Before anything else, I have some very important business to attend to.

After missing out the first time around, I somehow managed to get tickets to see Hilary Duff in Philadelphia on one of the very few days off I have this summer. Which feels like FATE guysss! I’ll be going with a friend I’ve known for almost a decade, and we are currently deep in the highly important and incredibly serious process of designing matching t-shirts for the concert. I’m going to put the options below:



Please vote either 1, 2 or 3 from left to right. This feels like a decision that should absolutely be crowdsourced.


Work Stuff Before I Forget

A quick little business update while I have you here. 2026 weddings are almost full.


I only have two dates left in November and one in December remaining. BOOK ME ♥️


2027 is already busy.


Which feels slightly ridiculous considering it feels like I was just announcing that bookings were open. If you’re planning a wedding and you’ve been meaning to enquire, this is your sign.

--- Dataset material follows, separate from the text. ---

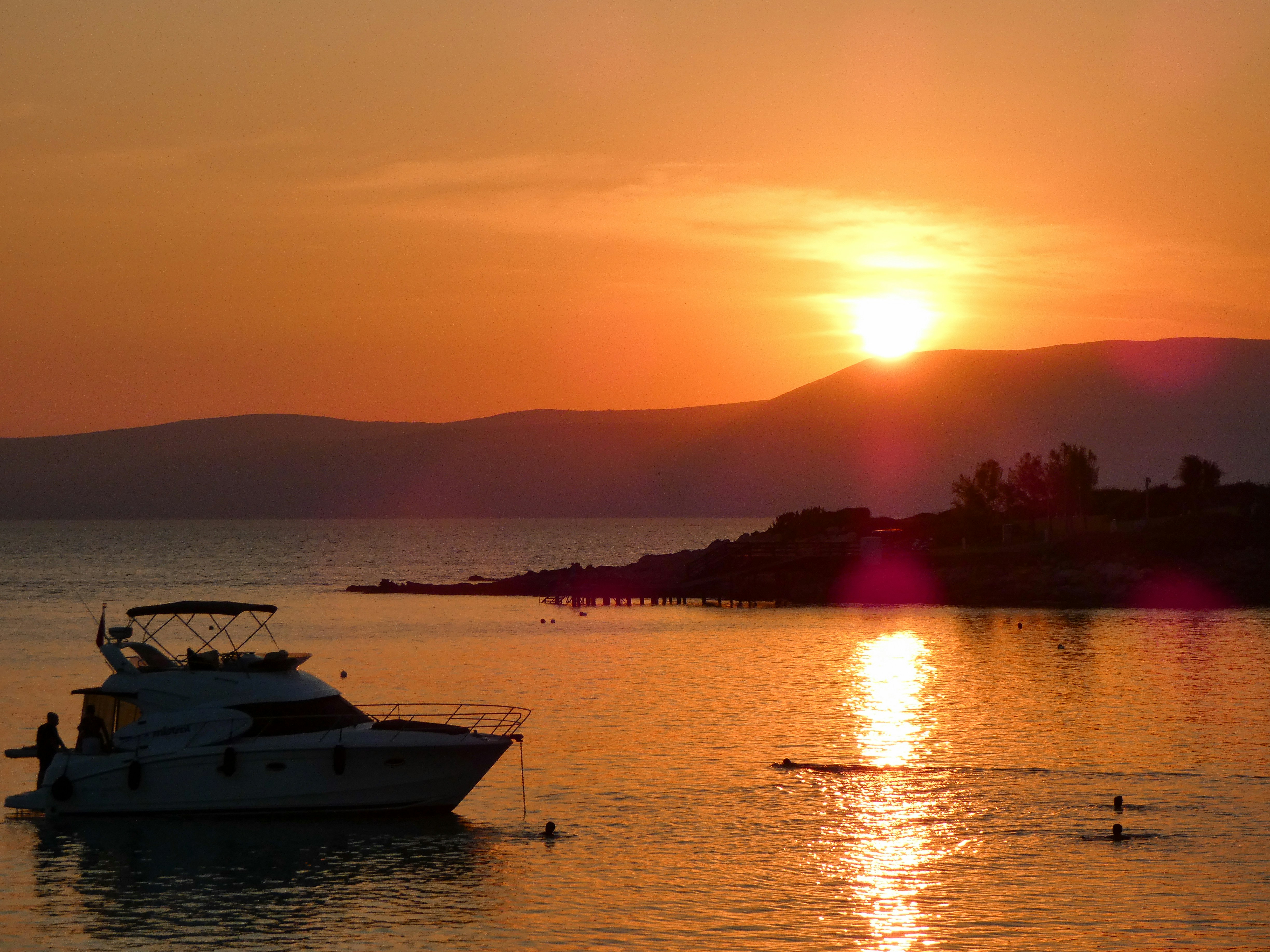 Photo by onderandinc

I’ll also be bringing back Front Door Sessions when I return to Australia. If you’ve never heard me talk about them before, they’re exactly what they sound like. Short, relaxed family sessions photographed at home, documenting the beautiful ordinary moments that make up your real life.

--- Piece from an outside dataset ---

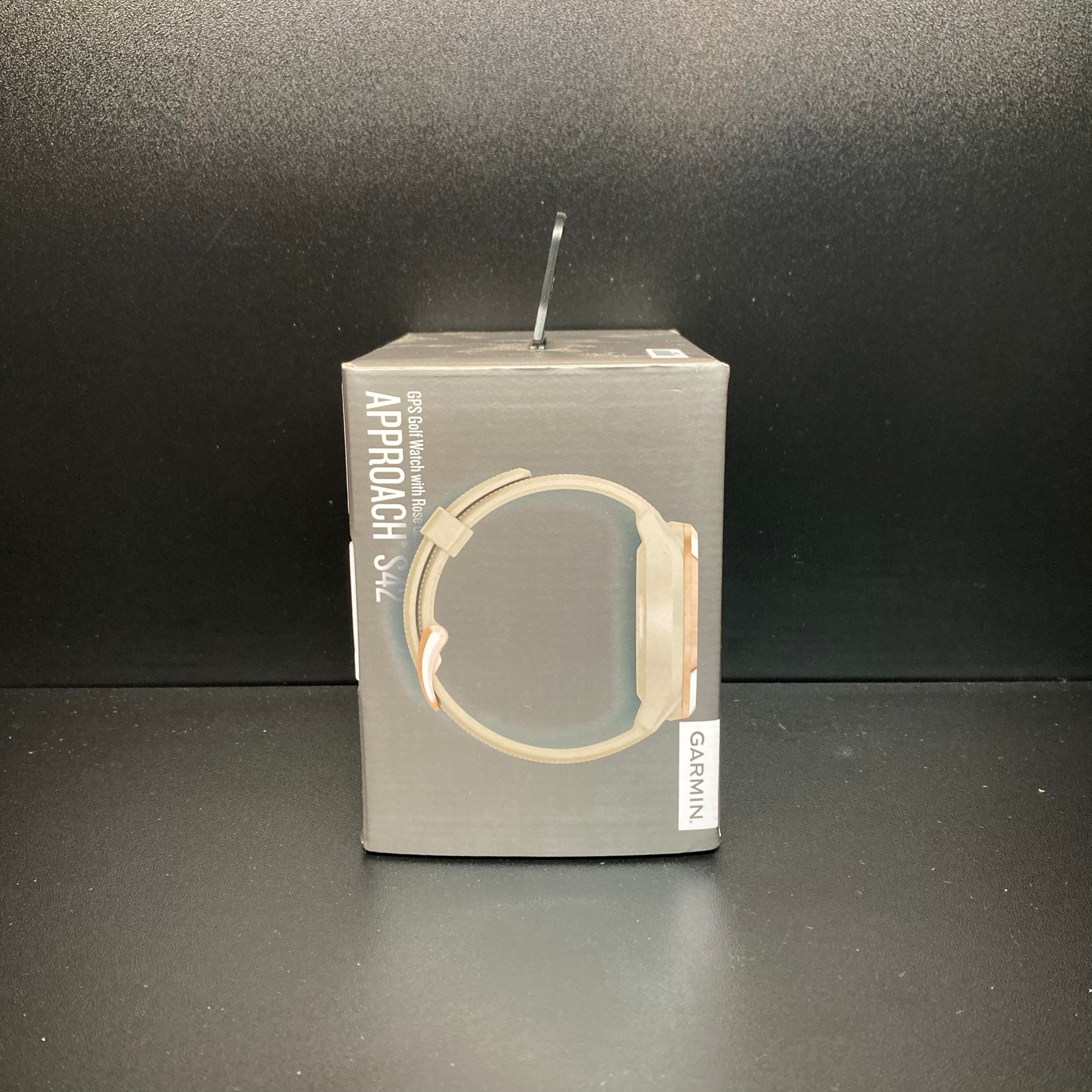 Garmin S42 Watch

They’re also the most affordable way to have your family photographed by me.

I’ve been thinking a lot about studio sessions lately too.


Maybe.

No promises.

But my brain is full of ideas.


While I’m here in upstate New York, I’d love to work on a few creative concepts and personal projects, so if you’re local and would love to model for something a little fun and different, keep an eye on my socials.


And if you’re newly engaged, don’t forget you can still download my free wedding guide Bring snacks, Kiss slow, Trust me. It’s packed with everything I wish couples knew before planning a wedding, and it’s a great place to start.


Things I’m Vibing


Matcha in absurdly large American cups.


Music playing literally all the time. Mostly the Rochella playlist.


Headscarf’s & Earplugs


My red and white striped canvas bag.


These sunglasses I bought from Kmart that have somehow become part of my personality.


Airport bookstores.


Desert sunsets.


Baseball games.


My JOVS Laser Face Mask - I’ve actually been using it. Dry, sensitive skin needs consistency more than miracles, and this has felt genuinely supportive.


Collagen powder stirred into whatever I am drinking, because future me will be grateful.



Pure Encapsulations Magnesium at night before bed


Teaching art.


The feeling of being anonymous in a new country.


The feeling that everything might actually be okay.


My Skincare Ritual - I have dry, red, sensitive skin and I am determined to make it better! All the things I’m using are linked below if you’re interested:


Morning

Water

Barrier Serum (The Ordinary)

Mineral SPF50 (I’m still figuring out what sunscreen I like so if you have any suggestions drop a comment below!)


Night

Warm water / washcloth / Mukti Cleansing Balm 


Favourites from my iPhone Camera Roll  


What’s Next

For now, summer in New York, teaching, creating, making things. Hopefully turning the song I accidentally wrote on the back of a grocery receipt into something real. After that? More adventures, more stories, more photographs and eventually Australia again. There are weddings waiting for me when I get home. There are projects already brewing. Until then, you’ll find me somewhere between an art studio, a baseball game, a road trip playlist and whatever adventure comes next. Still looking for the LOML, potentially in a desert, potentially at a Yankees game, potentially while ordering a matcha, I remain open-minded.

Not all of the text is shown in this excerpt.